Executive payments 'did not influence takeover' - phone chief
Vodafone’s former chief executive testified today that his company’s takeover in 2000 of mobile phone firm Mannesmann was determined purely by market pressures, and was not influenced by executive payments under scrutiny at the trial of the German mobile operator’s former head.
Chris Gent told a state court in Duesseldorf that Klaus Esser, the Mannesmann chief executive, never pushed for a payoff for himself – supporting Esser’s defence against charges that he benefited improperly from the takeover.
The merger was determined by the pressures of capital markets, and payments to Mannesmann executives “were never a condition for the deal,” Gent said.
Esser “fought with great determination for the company – the independence of his company was the strongest motive of his action,” Gent said.
“I’m sorry that Klaus Esser is now subject to unjustified suspicion and unfair criticism.”

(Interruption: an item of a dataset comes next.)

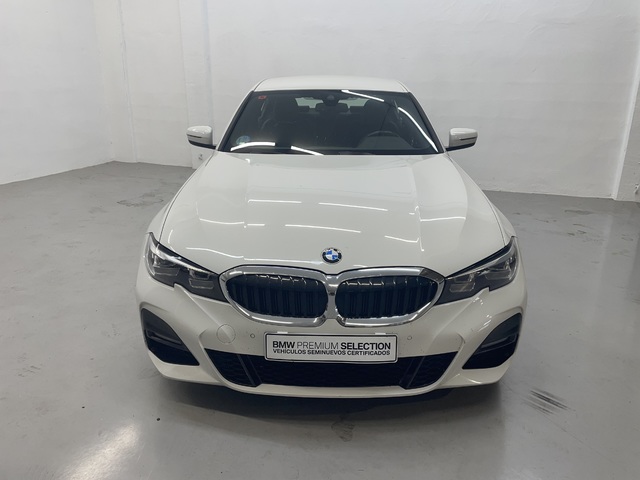 BMW Serie 3 320d color Blanco. Año 2021. 140KW(190CV). Diésel. En concesionario Cabrero Motorsport de Huesca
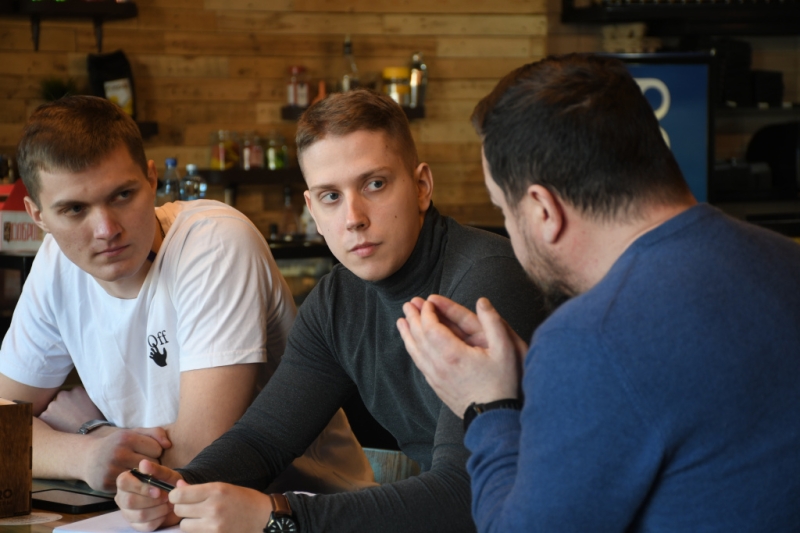 Начинающие предприниматели из Тайги переняли опыт масштабирования бургерной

Esser and board chairman Joachim Funk are accused of agreeing to “illegally enrich themselves” at the company’s expense before dropping their opposition to the deal.
Prosecutors allege that Deutsche Bank chief executive Josef Ackermann and three others who sat on the Mannesmann board illegally authorised bonuses and retirement packages totalling €53.5m to Mannesmann executives.
The payments are considered astronomical in Germany, where top executives rarely earn more than €1.9m.
Defence lawyers argue there was nothing illegal about the payments and that they were consistent both with the result – Mannesmann shares jumped 136% after the takeover – and international business practices.